Goal of the exercise -> Write the listing below out again exactly, dropping the images.

*** Data Section Begins ***

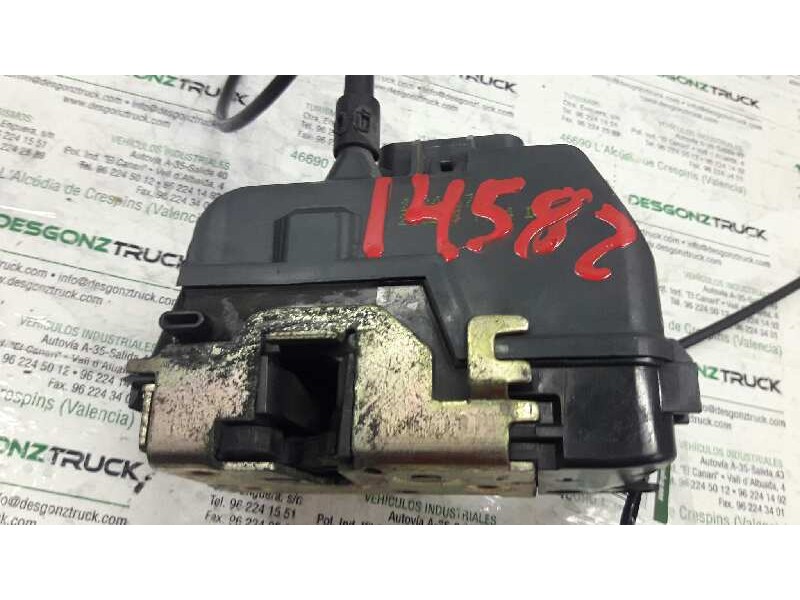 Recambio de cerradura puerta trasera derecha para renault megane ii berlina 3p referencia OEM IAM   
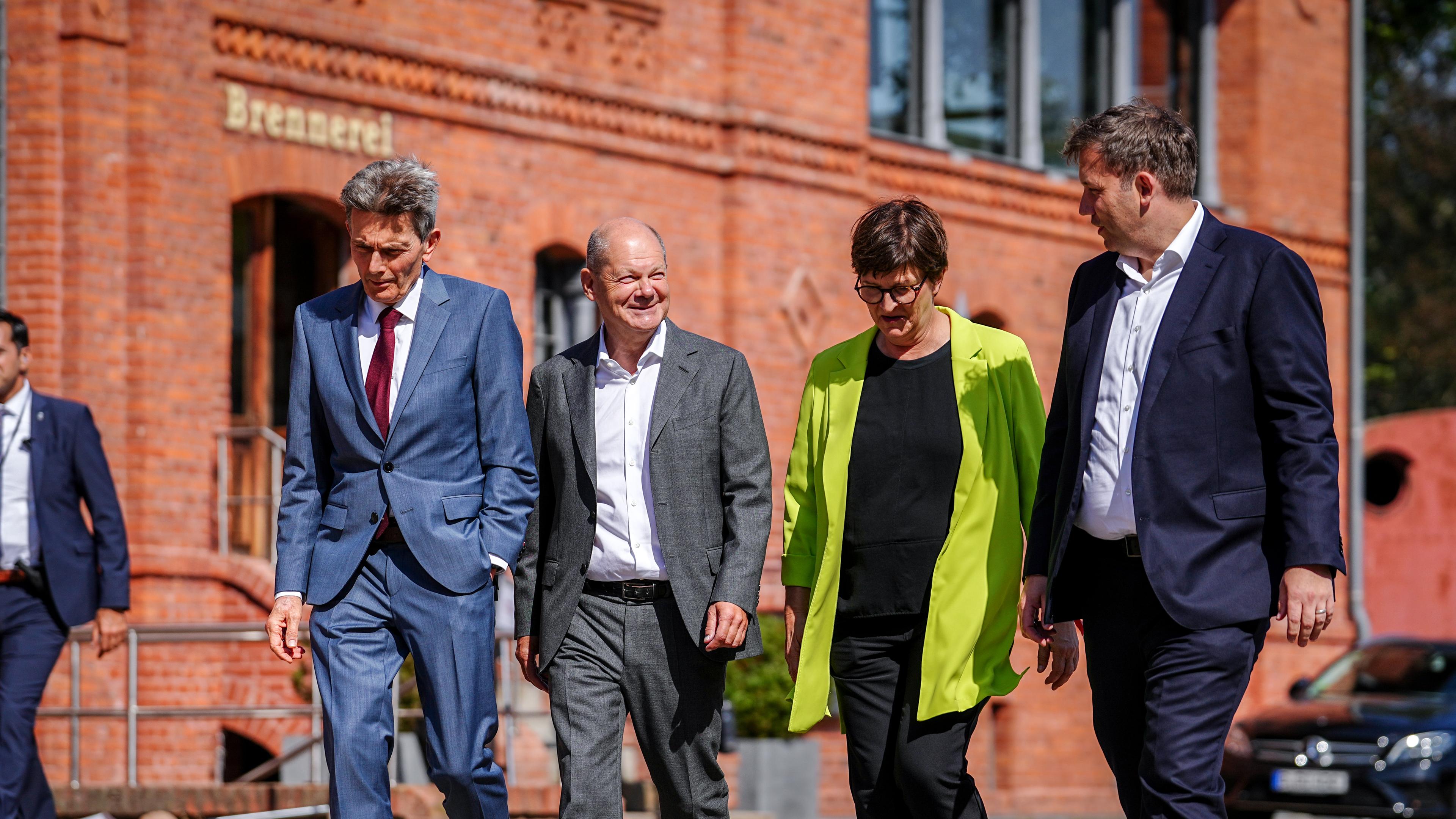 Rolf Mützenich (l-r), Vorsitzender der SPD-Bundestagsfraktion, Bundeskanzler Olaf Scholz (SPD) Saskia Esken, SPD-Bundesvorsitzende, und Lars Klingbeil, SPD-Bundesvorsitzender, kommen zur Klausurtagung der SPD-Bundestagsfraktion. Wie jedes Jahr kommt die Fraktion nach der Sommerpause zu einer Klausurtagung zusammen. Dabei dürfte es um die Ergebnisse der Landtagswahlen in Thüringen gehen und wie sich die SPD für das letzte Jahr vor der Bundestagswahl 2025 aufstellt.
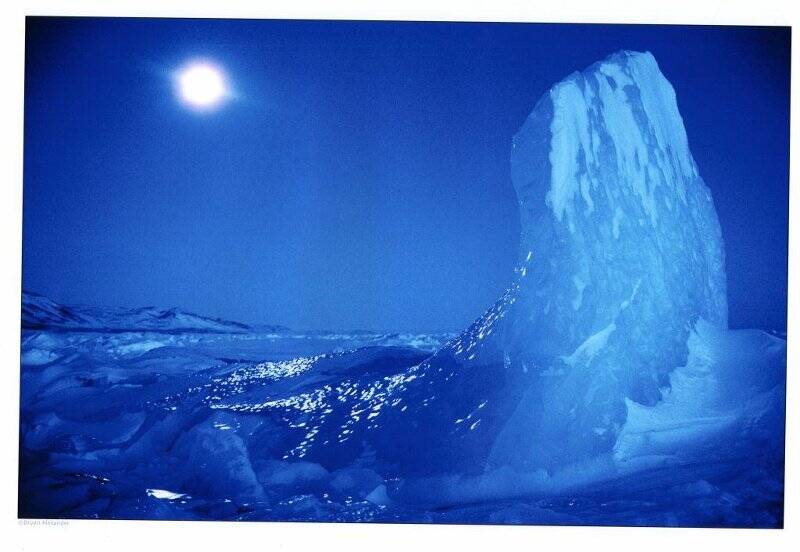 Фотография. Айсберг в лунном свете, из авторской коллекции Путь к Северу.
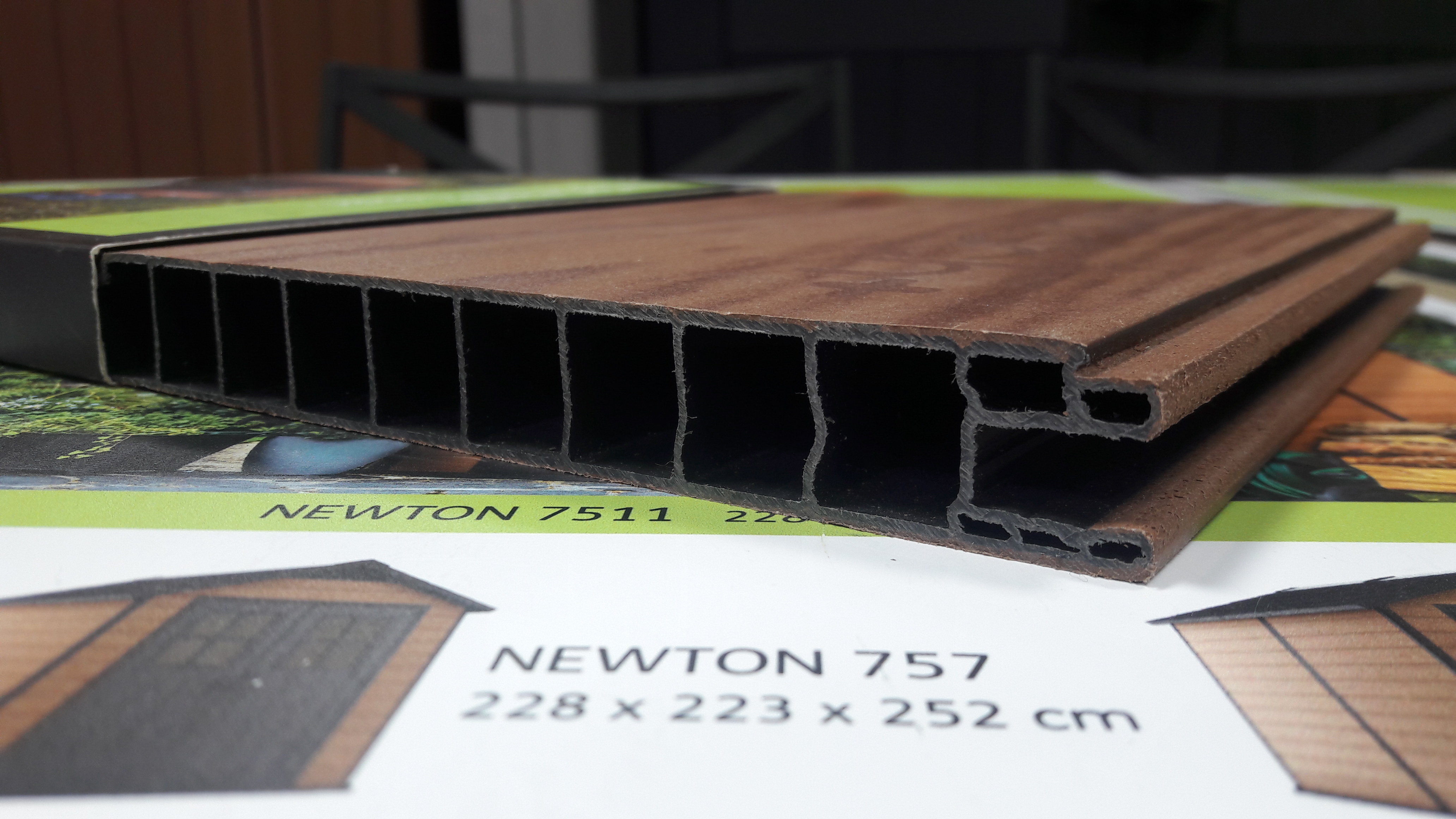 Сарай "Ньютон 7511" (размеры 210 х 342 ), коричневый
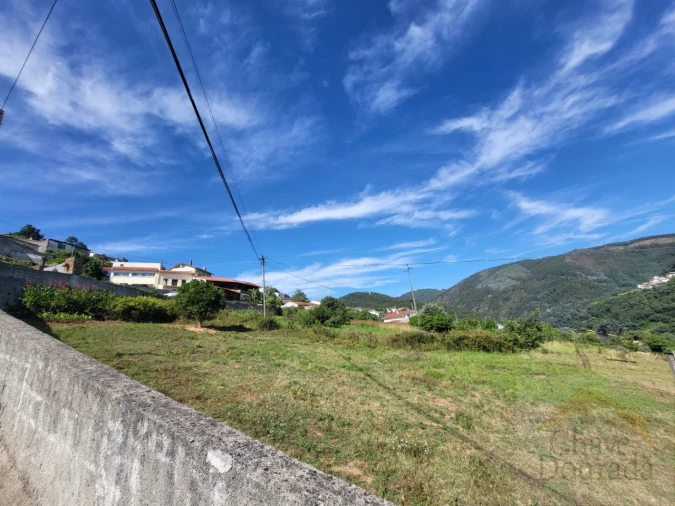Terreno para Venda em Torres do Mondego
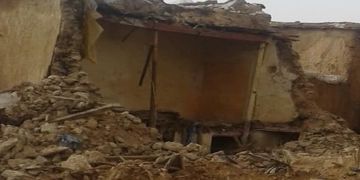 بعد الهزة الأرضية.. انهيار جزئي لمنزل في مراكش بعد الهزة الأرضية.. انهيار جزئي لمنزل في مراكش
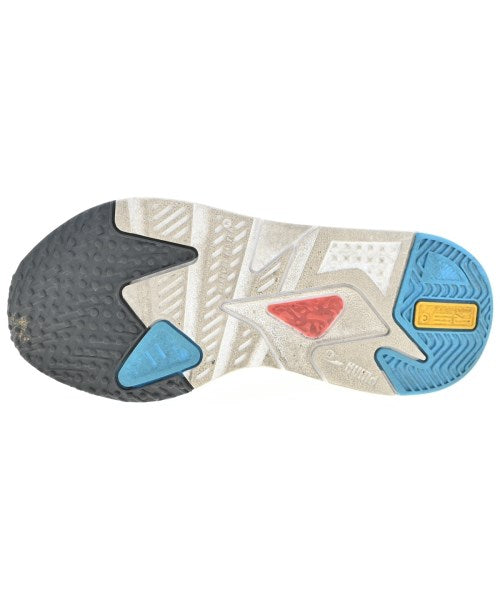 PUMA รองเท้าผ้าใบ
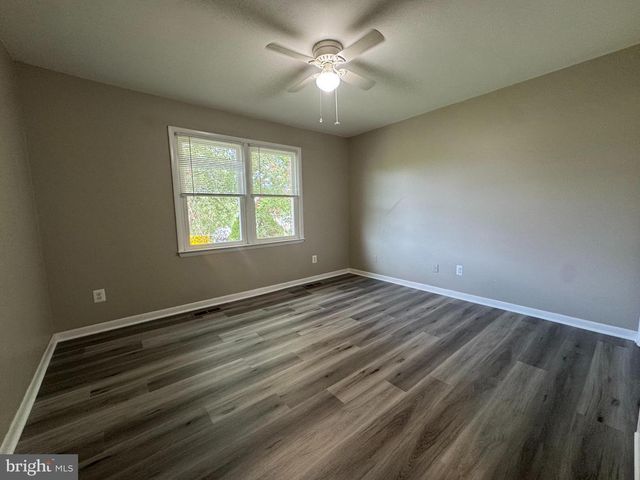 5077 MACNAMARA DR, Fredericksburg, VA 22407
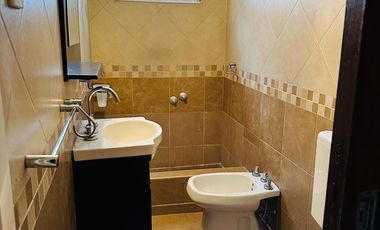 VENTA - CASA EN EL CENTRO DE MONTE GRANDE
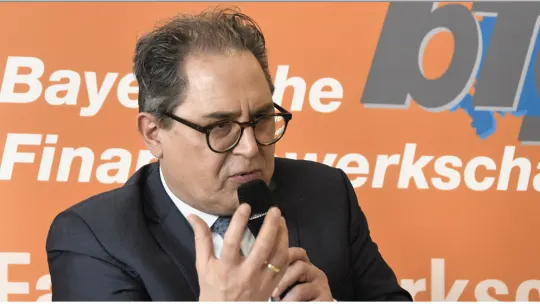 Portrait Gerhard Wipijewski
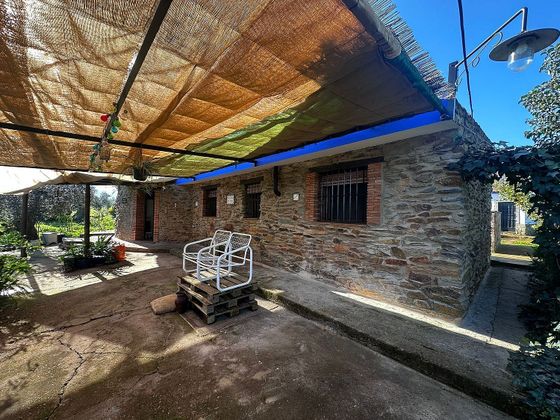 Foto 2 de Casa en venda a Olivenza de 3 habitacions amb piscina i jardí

*** Data Section Ends ***

Solution ->
 Recambio de cerradura puerta trasera derecha para renault megane ii berlina 3p referencia OEM IAM   
 Rolf Mützenich (l-r), Vorsitzender der SPD-Bundestagsfraktion, Bundeskanzler Olaf Scholz (SPD) Saskia Esken, SPD-Bundesvorsitzende, und Lars Klingbeil, SPD-Bundesvorsitzender, kommen zur Klausurtagung der SPD-Bundestagsfraktion. Wie jedes Jahr kommt die Fraktion nach der Sommerpause zu einer Klausurtagung zusammen. Dabei dürfte es um die Ergebnisse der Landtagswahlen in Thüringen gehen und wie sich die SPD für das letzte Jahr vor der Bundestagswahl 2025 aufstellt.
 Фотография. Айсберг в лунном свете, из авторской коллекции Путь к Северу.
 Сарай "Ньютон 7511" (размеры 210 х 342 ), коричневый
Terreno para Venda em Torres do Mondego
 بعد الهزة الأرضية.. انهيار جزئي لمنزل في مراكش بعد الهزة الأرضية.. انهيار جزئي لمنزل في مراكش
 PUMA รองเท้าผ้าใบ
 5077 MACNAMARA DR, Fredericksburg, VA 22407
 VENTA - CASA EN EL CENTRO DE MONTE GRANDE
 Portrait Gerhard Wipijewski
 Foto 2 de Casa en venda a Olivenza de 3 habitacions amb piscina i jardí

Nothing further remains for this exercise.